Em especial, na exploração do minério de ferro. Sua extração consome 59% de toda a demanda hídrica da indústria da mineração, apontam estudos recentes do Instituto Brasileiro de Mineração (Ibram).
“O mineral é encontrado em rochas com alta capacidade de acumulação de água. A extração, portanto, acaba alterando a capacidade de infiltração no solo”, diz Maria de Lourdes Pereira dos Santos, especialista em gestão de recursos hídricos para mineração e consultora do Ibram, ao NeoFeed.

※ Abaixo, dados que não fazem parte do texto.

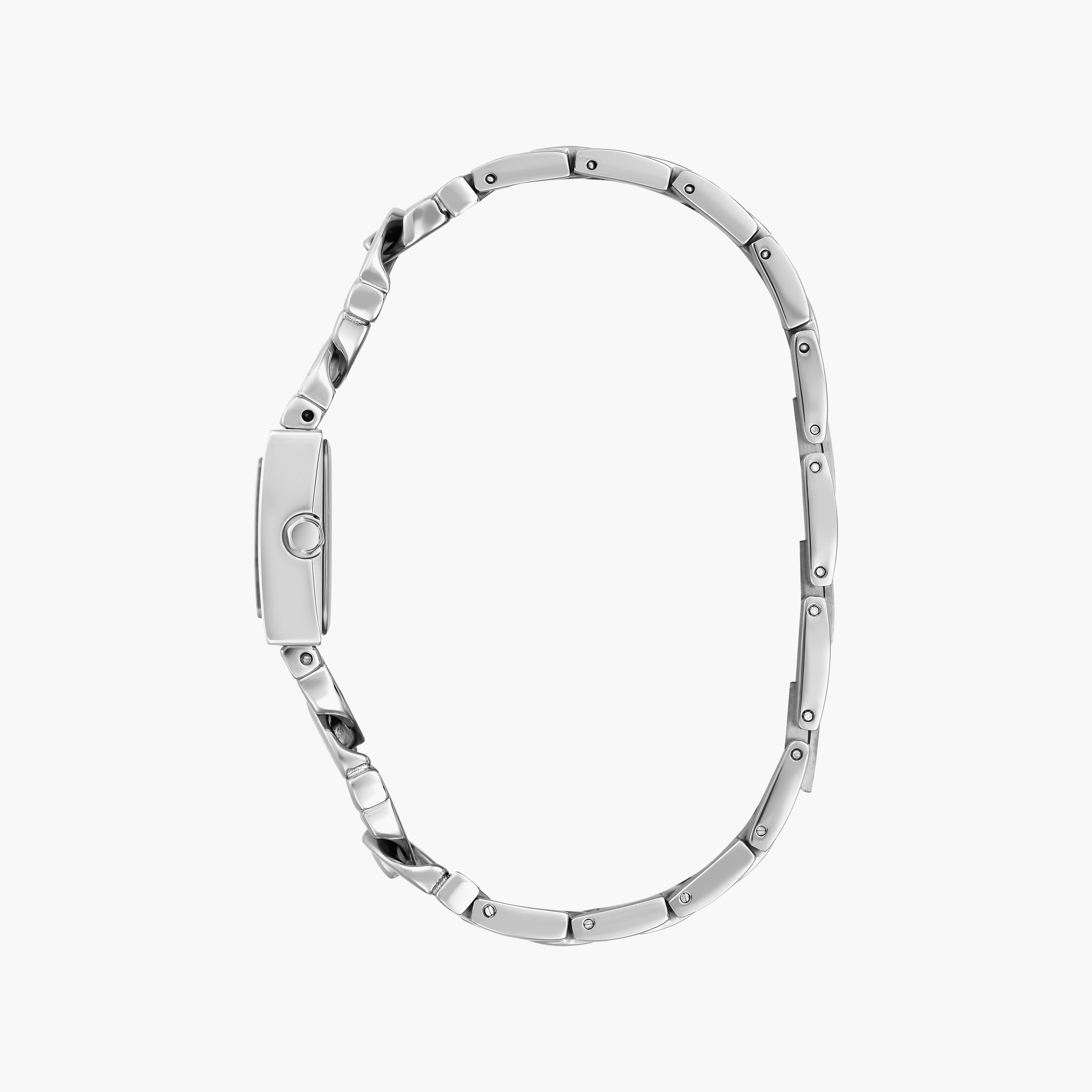 ساعة أنالوج ذهبية وردية بسوار ستانلس ستيل من كينيث سكوت | K23519-RBKK-women-watchesandjewellery-watches-image-2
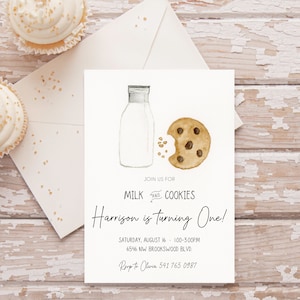 Customizable cookie birthday invitation - digital copy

Por isso, é cada vez mais necessário o desenvolvimento de novas tecnologias que ajudem a tornar o uso da água mais eficiente.
Agente da transformação
Consequência de um modelo de produção e consumo baseado na extração sem limites e no desperdício, a crise hídrica está posta. Atualmente, 4 bilhões de pessoas já sofrem com escassez de água, indica o mais recente Relatório Mundial da ONU sobre Desenvolvimento da Água.
Com o crescimento da população, até 2030, a demanda deve dobrar, alertam os analistas da Organização das Nações Unidas. Impossível continuar do jeito que está — um mundo no qual 80% do esgoto produzido pelo homem volta para a natureza sem tratamento.
Tal realidade deixa clara a urgência por soluções para o controle da poluição de rios, nascentes e oceanos, além da redução do consumo aliada a processos de reciclagem e reaproveitamento de água. Mas, para que funcione, é necessário que isso ocorra em praticamente todos os setores da vida contemporânea. Do abastecimento das cidades ao consumo doméstico, passando por todas as indústrias.
Dada a importância dos minérios e minerais para a transição energética, a mineração tem um papel crucial rumo ao futuro sustentável. Inclusive, como agente da transformação.